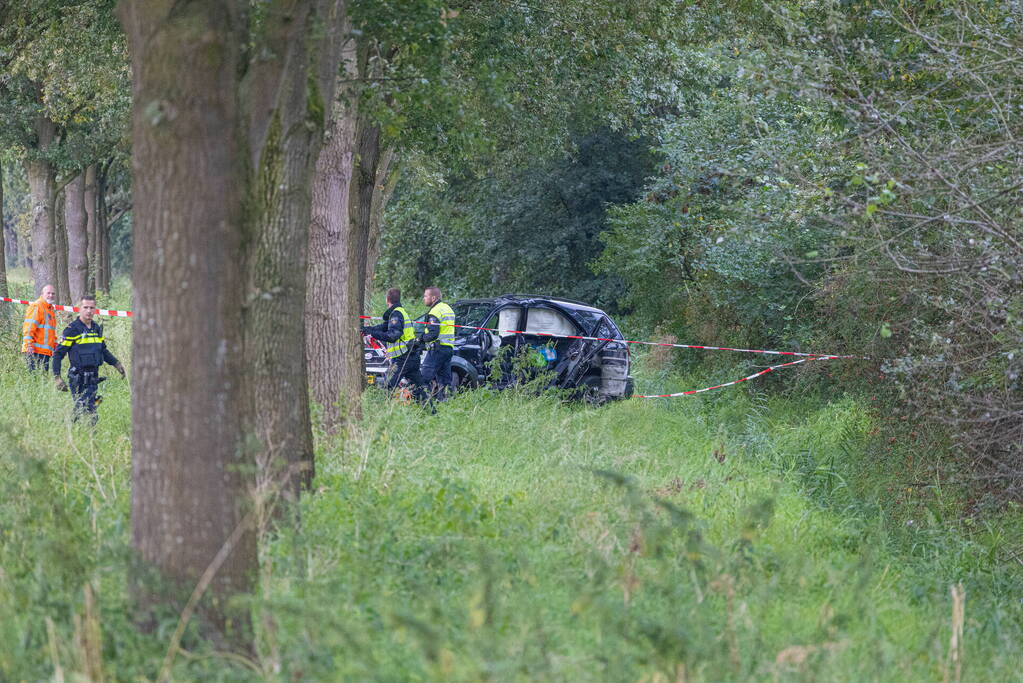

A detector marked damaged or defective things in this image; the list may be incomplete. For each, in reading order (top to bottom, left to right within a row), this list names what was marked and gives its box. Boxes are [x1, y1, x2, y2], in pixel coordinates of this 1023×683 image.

wrecked dark car [360, 294, 630, 400]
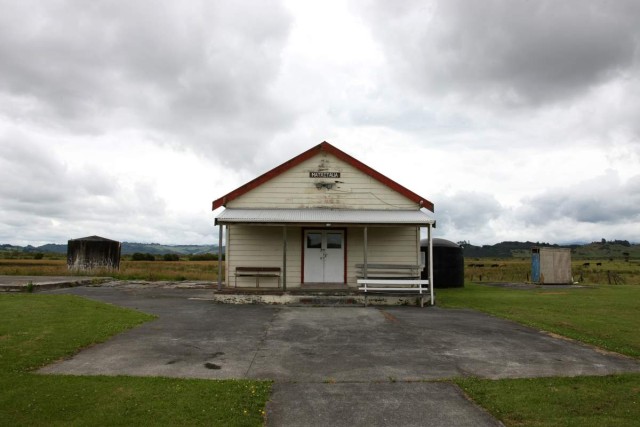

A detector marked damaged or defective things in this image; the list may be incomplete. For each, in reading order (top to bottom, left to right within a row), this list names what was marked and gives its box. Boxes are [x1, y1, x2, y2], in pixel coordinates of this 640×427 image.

rusty metal shed [67, 236, 121, 272]
rusty metal shed [532, 247, 572, 284]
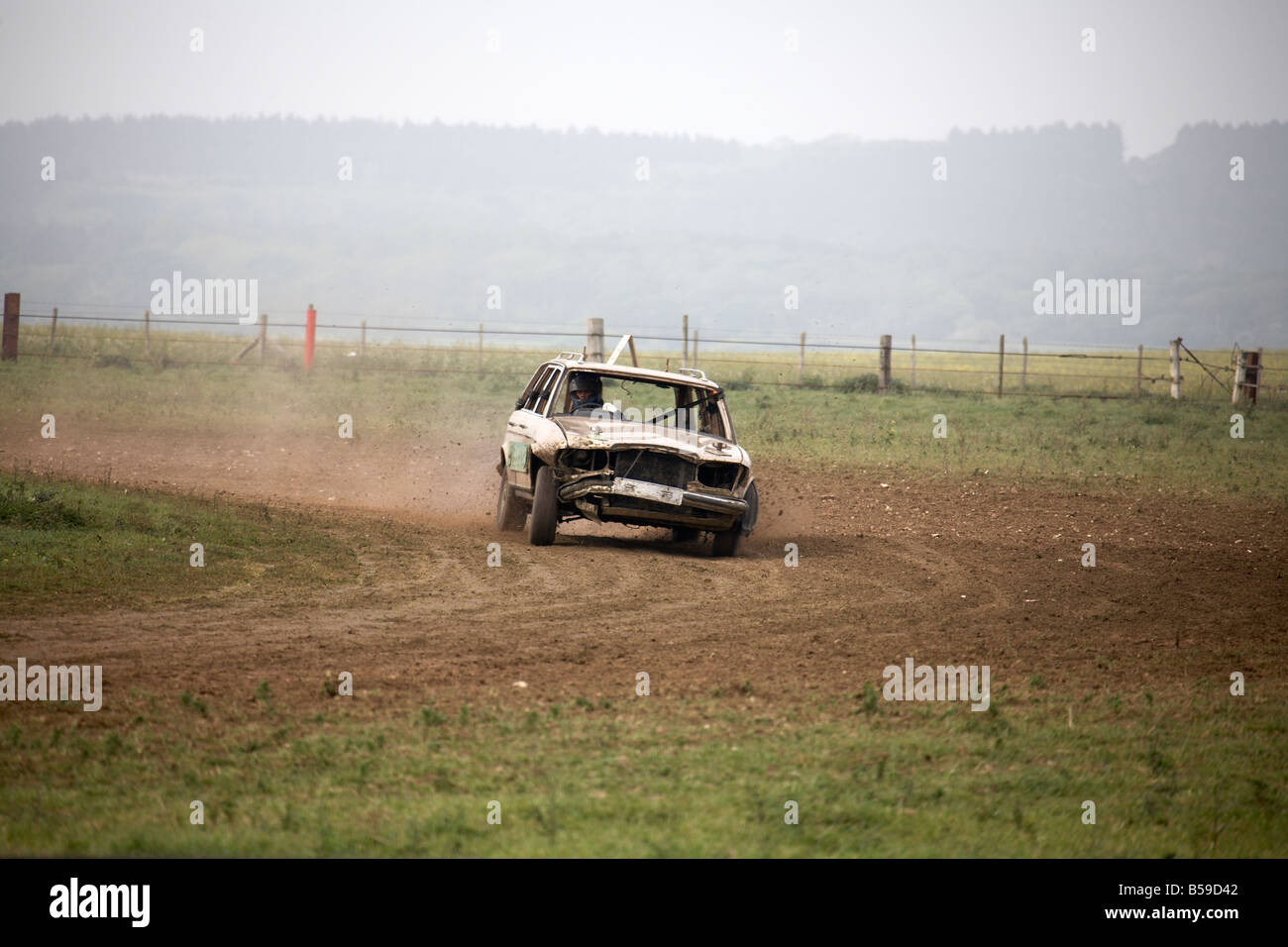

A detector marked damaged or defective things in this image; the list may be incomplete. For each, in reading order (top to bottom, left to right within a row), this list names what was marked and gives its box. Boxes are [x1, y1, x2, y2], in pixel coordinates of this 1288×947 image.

smashed windshield [555, 374, 729, 440]
heavily damaged car [491, 349, 753, 555]
bent hood [547, 420, 749, 468]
:::
To do
The answer must be the lines from the one containing "this 1288×947 image." to the final line of the data above, copied exactly, both included, with nothing added.

Response to the exercise
A detector marked damaged or defective things in this image; the list may be incomplete. For each, in reading order (top to bottom, left to right within a row), this list names what was marked and gives its box. Boxes are [x1, y1, x2, y2], in pixel coordinates of this 1288×947 image.

smashed windshield [555, 374, 729, 440]
heavily damaged car [491, 349, 753, 555]
bent hood [547, 420, 749, 468]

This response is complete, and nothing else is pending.